Cat No.: CA0276-P1:The Rev. William Proudfoot was sent, as a missionary, to Canada by a branch of the Presbyterian church in Scotland in 1832. From the time of his appointment he kept a journal, or daily diary, of his activities, his impressions, and of the events in his daily life. This included both professional and secular matters and also seems to have filled the role of account book, as well as his personal reminder. It was from this journal, or more correctly from the collection of many individual volumes of this journal, plus a collection of draft and received letters as well as other family mementos, that Miss Harriet Priddis extracted and recorded this fascinating insight into the life of one of the earliest settlers in the London, Middlesex area of Ontario. I should hasten to add though, that the geographical area covered by this account extends well beyond that area as it starts in Scotland and includes records of many of Rev. Proudfoot’s excursions along the St. Lawrence waterway and into several other parts of what we now call Ontario (then Upper Canada or Canada West.)

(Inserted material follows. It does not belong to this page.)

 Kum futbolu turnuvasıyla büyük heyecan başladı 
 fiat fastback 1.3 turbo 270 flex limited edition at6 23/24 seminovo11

Harriet Priddis was given access to the papers by the Proudfoot family and it seemed to have been her plan to extract and copy passages which contained significant historical and genealogical information, publishing them as a series of papers to be presented to the London and Middlesex Historical Society, an organization in which she was a leading light. Unfortunately she died before the third collection was ready and it was only through the intervention of Fred. Landon that the third collection was finally presented. In his introduction to the third episode Mr Landon writes about further episodes but we have not been able to find any evidence of any further publications of Proudfoot extracts by this organization.
The chronology of the three episodes present here is a little complicated and appears to cover the same period twice, although there is no repetition of material. Parts one and three are actually contiguous and cover the period from 25 June 1832 when Rev William Proudfoot was tasked with his mission until 16 March 1833 when he was settling into his permanent “living.” Part 2 covers a period from 28 January 1833 through 14 September 1834 but seems to be limited to a few entries describing various major trips the Rev. undertook, plus it is concluded with some extracts from the account book of Mary Proudfoot during her setting up of a day and boarding school in the village of London under the sponsorship of her father.
As one might expect there is a good deal of theological discussion in the journal but the extracts seem to have been primarily chosen with a view to illustrating the people and places which the Rev. Proudfoot encountered in his day to day work. This work called for him to travel a good deal, and by virtue of the period of the record there are some interesting insights into the difficulties, and indeed the benefits, of travel during the winter season. Another benefit to the genealogist of this choice of extracts is that the names of a great number of early settlers are recorded, and not only those who were active in the Presbyterian church as he frequently came into contact with members of other churches and indeed with notably “secular” individuals. Of particular note is the listing of the families who are sponsoring the formation of his ministry in London.